My jobs seem to run, but I don’t see any output or errors?

You ran out of time

It is possible the job exceeded the walltime that was specified as part of the required resources, or the default value otherwise.

If this is the case, the resource manager will terminate your job, and the job’s output file will contain a line similar to:

=>> PBS: job killed: walltime <value in seconds> exceeded limit <value in seconds>

Try to submit your job specifying a larger walltime.

You ran out of disk space

You may have exceeded the disk quota for your home directory, i.e., the total file size for your home directory is just too large.

When a job runs, it needs to store temporary output and error files in your home directory. When it fails to do so, the program will crash, and you won’t get feedback, since that feedback would be in the error file that can’t be written.

See the FAQs listed below to check the amount of disk space you are currently using, and for a few hints on what data to store where.

However, your home directory may unexpectedly fill up in two ways:

  1. a running program produces large amounts of output or errors;
  2. a program crashes and produces a core dump.

Note

That one job that produces output or a core dump that is too large for the file system quota will most probably cause all your jobs that are queued to fail.

Large amounts of output or errors

To deal with the first issue, simply redirect the standard output of the command to a file that is in your data or scratch directory, or, if you don’t need that output anyway, redirect it to /dev/null. A few examples that can be used in your job scripts that execute, e.g., my-prog, are given below.

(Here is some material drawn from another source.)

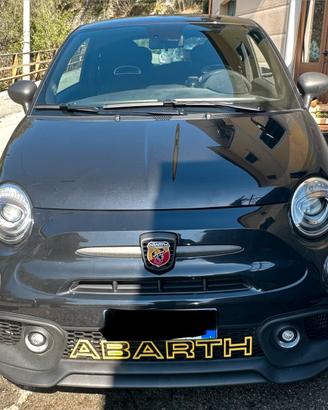 Fiat 500 Abarth 695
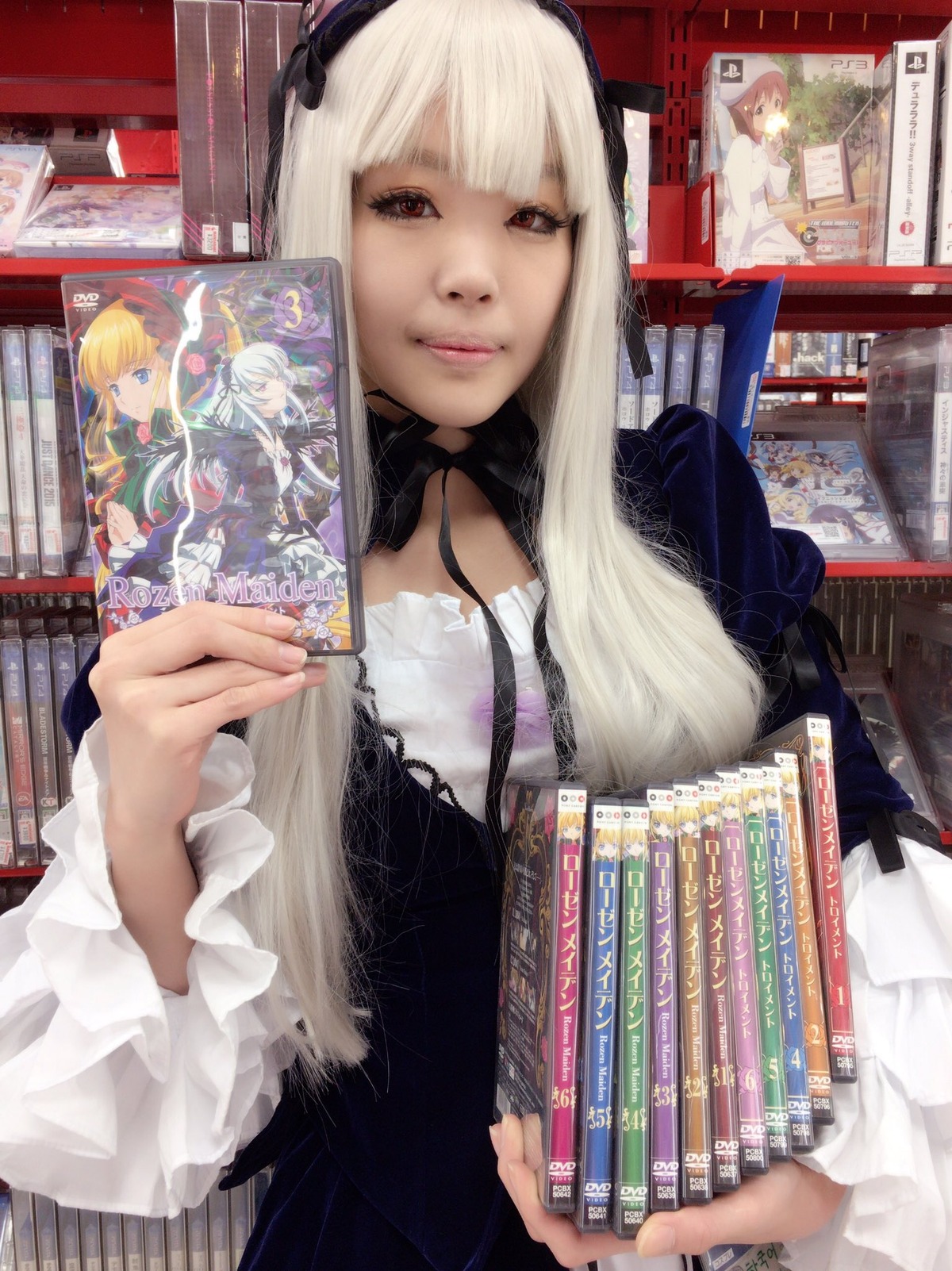blonde_hair dress lolita_fashion long_hair looking_at_viewer multiple_girls red_eyes solo solo_focus suigintou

To send standard output to a file, you can use:

my-prog > $VSC_DATA/my-large-output.txt

If you want to redirect both standard output and standard error, use:

my-prog  > $VSC_DATA/my-large-output.txt \
        2> $VSC_DATA/my-large-error.txt

To redirect both standard output and standard error to the same file, use:

my-prog &> $VSC_DATA/my-large-output-error.txt

If you don’t care for the standard output, simply write:

my-prog >/dev/null

Core dump

When a program crashes, a core file is generated. This can be used to try and analyze the cause of the crash. However, if you don’t need cores for post-mortem analysis, simply add the following line to your .bashrc file:

ulimit -c 0

This can be done more selectively by adding this line to your job script prior to invoking your program.

You can find all the core dumps in your home directory using:

$ find  $VSC_HOME  -name "core.*"

They can be removed (make sure that only unwanted core files are removed by checking with the command above) using:

$ find  $VSC_HOME  -name "core.*"  -exec rm {} +

You ran out of memory (RAM)

The resource manager monitor the memory usage of your application, and will automatically terminate your job when that memory exceeds a limit. This limit is either the value specified in the resource request using pmem or pvmem, or the default value.

You may find an indication that this may be the case by looking at the job’s output file. The epilogue information lists the resources used by the job, including memory.

Resources Used : cput=00:00:00,vmem=110357kb,walltime=00:34:02,mem=984584kb

If the value of mem is close to the limit, this may indicate that the application used too much memory.

The used resources are just a rough indication, and the reported value can be lower than the actual value if the application’s memory usage rapidly increased. Hence it is prudent to monitor the memory consumption of your job in more detail.

You can try to resubmit your job specifying more memory per core.